No picture belongs in the answer, which must hold exactly the lines from the one with "Next we get" through the final line below.
Data block Start Marker
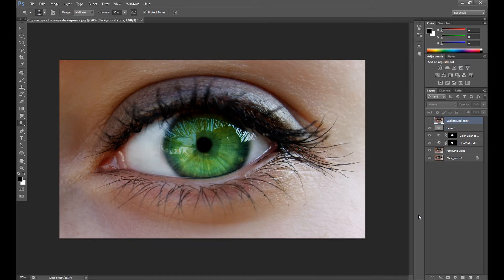Hi and welcome to another Photoshop tutorial. Today I've prepared an eye retouch tutorial — it's a basic tutorial but very important for portrait retouching. I hope it will be helpful. As you can see, eyes don't always look perfect because sometimes we have small veins on the eyeball. I'll show you how to remove those and then how to do color correction on the eye, increase the colors, and increase the shine.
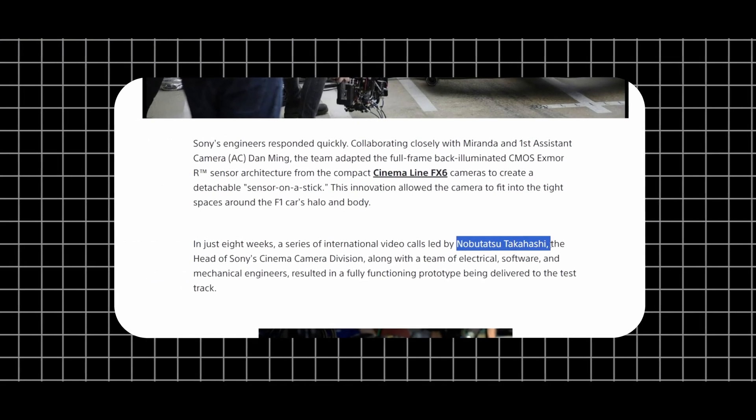This is the Sony Cinema Line team, especially Nobo, Tetsu, Takashi, and the engineering team. They built a special prototype camera with a nickname 'Sensor Unmestic.' This camera uses the same sensor base as the Sony FX3 and FX6.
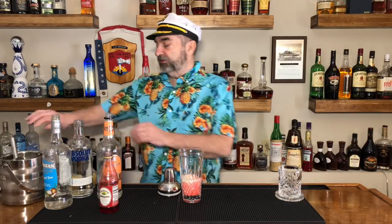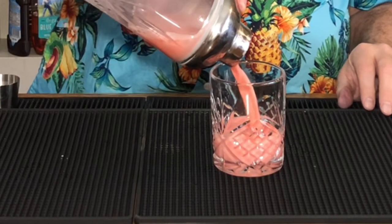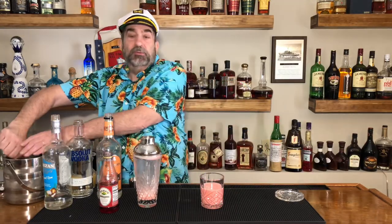Next we get some ice, put it in that shaker, and we are going to give this a good shake to chill. Then what you do is fill the glass with ice, and that is Creamy Sex on the Boat.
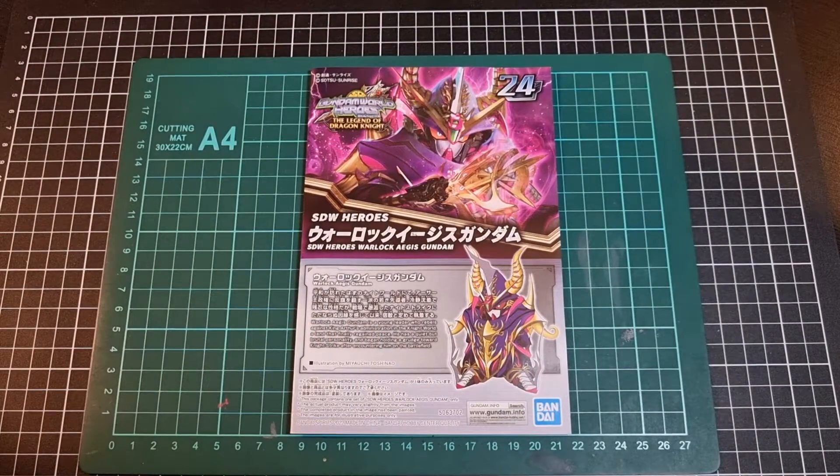So that brings us to the end of the unboxing of the Warlock Aegis Gundam. As mentioned at the beginning, I grabbed this from Hobbylink Japan, so there will be a product link in the description as well as some of the other SDW Heroes kits. Thank you very much for watching. Feel free to leave a like, a comment, and subscribe if you enjoyed the content — it does help support the channel and I greatly appreciate it. Extra content can also be found on my Instagram account, link below. Stay safe and take care, and I'll see you in the next video.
Data block End Marker
- [Written solution]
Next we get some ice, put it in that shaker, and we are going to give this a good shake to chill. Then what you do is fill the glass with ice, and that is Creamy Sex on the Boat.
So that brings us to the end of the unboxing of the Warlock Aegis Gundam. As mentioned at the beginning, I grabbed this from Hobbylink Japan, so there will be a product link in the description as well as some of the other SDW Heroes kits. Thank you very much for watching. Feel free to leave a like, a comment, and subscribe if you enjoyed the content — it does help support the channel and I greatly appreciate it. Extra content can also be found on my Instagram account, link below. Stay safe and take care, and I'll see you in the next video.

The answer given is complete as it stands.